Exercise → Set down only these lines, exactly: the line containing "Ez egy ilyen" and all lines through the end of the data below. Omit pictures.

Information supplied →

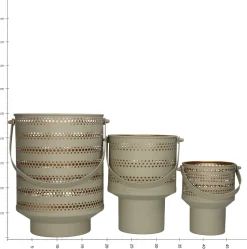 HD Collection Teelichthalter Sunset beige 21 x 19 x 25 cm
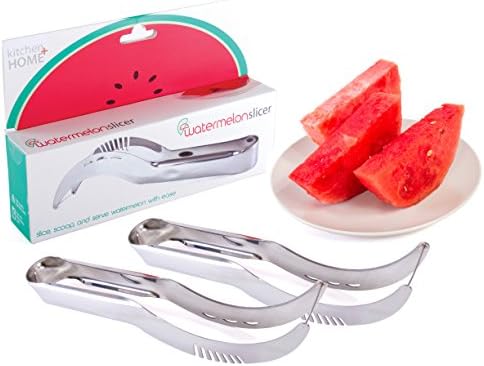Watermelon Slicer Corer and Server - Set of 2 - Highest Quality 18/10 Stainless Steel Melon Slicer by Kitchen Plus Home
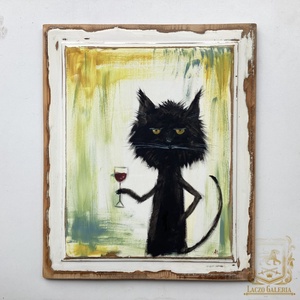 Ez egy ilyen nap - Laczó Ágnes kortárs festő/grafikus művész- Eredeti Akril Festmény, Fekete macska - Meska.hu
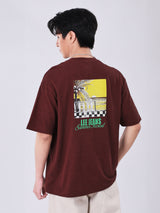 เสื้อยืดแขนสั้นผู้ชาย LOOSE FIT สีน้ำตาล
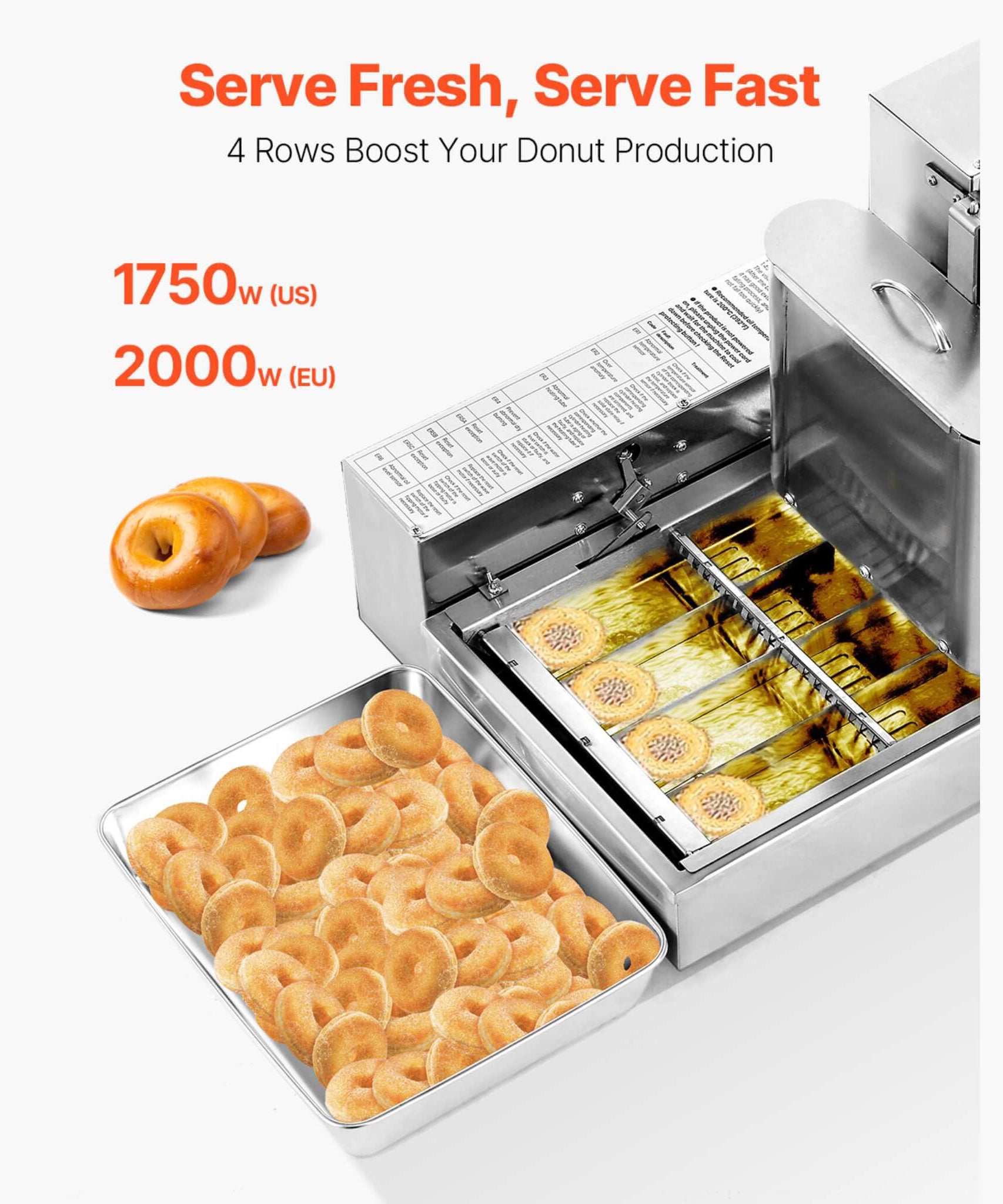 Commercial Fully-Automatic 4-Row Stainless Steel Donut Maker Machine (SAK96740)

Answer below →
 Ez egy ilyen nap - Laczó Ágnes kortárs festő/grafikus művész- Eredeti Akril Festmény, Fekete macska - Meska.hu
 เสื้อยืดแขนสั้นผู้ชาย LOOSE FIT สีน้ำตาล
 Commercial Fully-Automatic 4-Row Stainless Steel Donut Maker Machine (SAK96740)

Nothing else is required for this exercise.